何となく観てみた一本。
感染系だからして、ゾンビものかホラーかと思いきや全然違っていました。
世界を滅ぼしたウィルスは致死率100%であってゾンビになるウィルスではなかったんですね。
では何をしているかというと、生きるためのサバイバルをしているのですが、実質サバイバルというよりドライブ旅行です。
馬鹿でワイルドな兄、優しくて弱い弟、兄の彼女、弟が見つけた女の子の同世代4人で楽しくドライブしています。
世界が滅んでいようがいまいがあまり変わらない景色のアメリカの荒野を走り抜け、メキシコ湾を目指してるんですね。
なぜ目指してるかというと、多分、海辺でごろごろしながらウィルスが自然消滅するのを待つという、言わば消極的解決を期待しているからです。リゾート・サバイバルというべき、なかなか楽しそうな計画です。

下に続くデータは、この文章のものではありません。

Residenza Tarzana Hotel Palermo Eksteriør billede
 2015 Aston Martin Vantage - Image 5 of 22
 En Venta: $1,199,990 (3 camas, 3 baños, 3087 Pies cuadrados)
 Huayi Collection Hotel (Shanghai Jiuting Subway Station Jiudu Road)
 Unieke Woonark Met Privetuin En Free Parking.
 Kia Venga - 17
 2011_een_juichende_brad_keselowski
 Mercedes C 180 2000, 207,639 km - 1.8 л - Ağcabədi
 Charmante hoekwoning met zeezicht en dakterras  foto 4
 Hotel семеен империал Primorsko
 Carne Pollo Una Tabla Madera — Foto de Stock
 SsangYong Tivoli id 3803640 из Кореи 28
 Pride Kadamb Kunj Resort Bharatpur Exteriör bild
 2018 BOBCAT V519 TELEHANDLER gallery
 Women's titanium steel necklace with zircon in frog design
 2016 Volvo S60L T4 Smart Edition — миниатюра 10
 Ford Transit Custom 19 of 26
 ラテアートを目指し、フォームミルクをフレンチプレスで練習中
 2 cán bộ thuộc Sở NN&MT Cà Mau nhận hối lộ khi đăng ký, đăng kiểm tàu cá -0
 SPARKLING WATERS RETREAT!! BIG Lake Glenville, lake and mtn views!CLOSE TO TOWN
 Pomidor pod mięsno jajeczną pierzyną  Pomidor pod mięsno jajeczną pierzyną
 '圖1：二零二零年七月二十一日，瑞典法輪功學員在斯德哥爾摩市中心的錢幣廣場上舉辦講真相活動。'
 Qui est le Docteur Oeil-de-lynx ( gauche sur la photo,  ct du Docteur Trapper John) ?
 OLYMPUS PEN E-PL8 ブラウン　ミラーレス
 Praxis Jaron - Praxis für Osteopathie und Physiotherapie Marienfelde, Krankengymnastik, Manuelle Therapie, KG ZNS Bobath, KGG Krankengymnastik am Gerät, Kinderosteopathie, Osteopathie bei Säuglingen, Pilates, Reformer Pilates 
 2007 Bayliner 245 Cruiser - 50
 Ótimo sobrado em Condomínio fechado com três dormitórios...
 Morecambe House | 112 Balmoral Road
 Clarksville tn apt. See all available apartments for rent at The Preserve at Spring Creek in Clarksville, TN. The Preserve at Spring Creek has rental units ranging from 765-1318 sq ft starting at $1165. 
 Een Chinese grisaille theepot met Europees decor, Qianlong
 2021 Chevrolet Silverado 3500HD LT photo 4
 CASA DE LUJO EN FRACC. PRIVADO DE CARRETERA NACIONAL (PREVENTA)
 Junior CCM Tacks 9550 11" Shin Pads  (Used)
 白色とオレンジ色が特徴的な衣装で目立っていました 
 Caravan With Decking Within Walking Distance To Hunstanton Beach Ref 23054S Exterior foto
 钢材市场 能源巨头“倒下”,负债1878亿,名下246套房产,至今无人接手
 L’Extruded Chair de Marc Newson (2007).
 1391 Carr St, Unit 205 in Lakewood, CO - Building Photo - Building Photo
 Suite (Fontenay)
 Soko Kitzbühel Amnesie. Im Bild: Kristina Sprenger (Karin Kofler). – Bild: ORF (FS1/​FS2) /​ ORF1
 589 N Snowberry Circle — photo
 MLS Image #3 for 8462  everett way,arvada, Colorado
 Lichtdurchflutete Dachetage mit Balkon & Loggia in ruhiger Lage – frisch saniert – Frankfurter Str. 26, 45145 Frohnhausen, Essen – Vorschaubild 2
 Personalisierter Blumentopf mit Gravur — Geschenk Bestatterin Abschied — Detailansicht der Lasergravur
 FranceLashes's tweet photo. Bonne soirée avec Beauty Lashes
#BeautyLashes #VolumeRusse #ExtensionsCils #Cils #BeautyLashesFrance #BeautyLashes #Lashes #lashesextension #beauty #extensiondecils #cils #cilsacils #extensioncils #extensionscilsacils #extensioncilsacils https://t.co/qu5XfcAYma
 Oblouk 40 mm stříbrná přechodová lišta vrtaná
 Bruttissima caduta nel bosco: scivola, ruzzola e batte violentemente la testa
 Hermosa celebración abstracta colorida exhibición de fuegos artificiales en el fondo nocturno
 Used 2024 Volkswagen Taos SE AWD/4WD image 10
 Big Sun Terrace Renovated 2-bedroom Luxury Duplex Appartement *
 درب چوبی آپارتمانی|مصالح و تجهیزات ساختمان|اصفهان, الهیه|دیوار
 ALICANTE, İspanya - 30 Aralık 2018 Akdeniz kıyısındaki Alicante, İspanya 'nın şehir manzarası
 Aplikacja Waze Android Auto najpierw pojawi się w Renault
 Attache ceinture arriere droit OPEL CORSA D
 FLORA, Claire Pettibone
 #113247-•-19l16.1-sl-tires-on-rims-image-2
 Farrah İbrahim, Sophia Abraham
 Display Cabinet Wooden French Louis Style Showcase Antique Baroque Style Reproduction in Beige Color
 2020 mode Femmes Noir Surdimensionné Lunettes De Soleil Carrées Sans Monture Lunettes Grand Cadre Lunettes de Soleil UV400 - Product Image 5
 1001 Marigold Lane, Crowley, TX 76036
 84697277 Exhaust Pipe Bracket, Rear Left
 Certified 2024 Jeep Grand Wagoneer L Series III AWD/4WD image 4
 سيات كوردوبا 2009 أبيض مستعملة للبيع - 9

さて若さみなぎる監督たちがこの映画で何か新しい境地を開拓したでしょうか。
実はしたのです。これは「感染系青春ロードムービー」です。新しいジャンルですね。
荒野を走る普通のロードムービーですが、普通と違うのは旅先で出会い通り過ぎていくのが死んだ人やこれから死ぬ人や妙な人たちという点です。
途中まではロードムービーっぽくなくてそこそこ楽しめるんですが、途中のある展開で「あ、単なる”通り過ぎる人々”のうちの一つか・・・」と思うシーンがあって、ロードムービー感が強調されることになります。
感染系ロードムービー。うん。ちょっと変わっていていいじゃありませんか。
意外だったのは、若い監督が若い俳優を使って若々しい映画を撮っていると思いきや、そのテーマが年寄り臭い点です。
ロードムービーを指してるのではありません。なんと中心のテーマがノスタルジーなのです。
映画の冒頭は古い8mmフィルム。エンディングも同じような古いフィルムの質感で、主人公兄弟の「若かりし頃」の懐かしい映像を流します。
子供のころ、それに青年の頃の映像を痛んだフィルムエフェクトでノスタルジックに・・・おい、ちょっと待て。どう見ても主人公の兄ちゃんたちまだ若造だろうが。若者が若い頃を懐かしんでますよ。なんだこれは。何事だ。
と、そういうわけでこの映画は、同世代の若い子たちが貧弱なイメージの “滅んだ世界” を通して懐かしんだり傷ついたりするという、学芸会的でとてもくだらない作品でした。
もうちょっと設定を詰めたり、人物をきちんと描いたり、リアリティのある脚本や演出ができていれば、それなりに哀愁漂う良い映画になったと思うのですが、ちょっと惜しかったですね(とても優しい見方)
【追記】
と、ここに来て思い出した。感染ロードムービーが新しいジャンルとは馬鹿なことを書いたもんです。ダニー・ボイル「28日後…」があるではないか。
「28日後…」はこの作品と違い、稚拙さも想像力の貧弱さもなく、見事なまでに完成度の高いゾンビ・ロードムービーでした。
あまりの格の違いに、思い出せなかったんですね。
さらに追記。
何事にも長所の一つくらいあります。この映画、エンドクレジットで流れる気だるい唄がけっこう好みでした。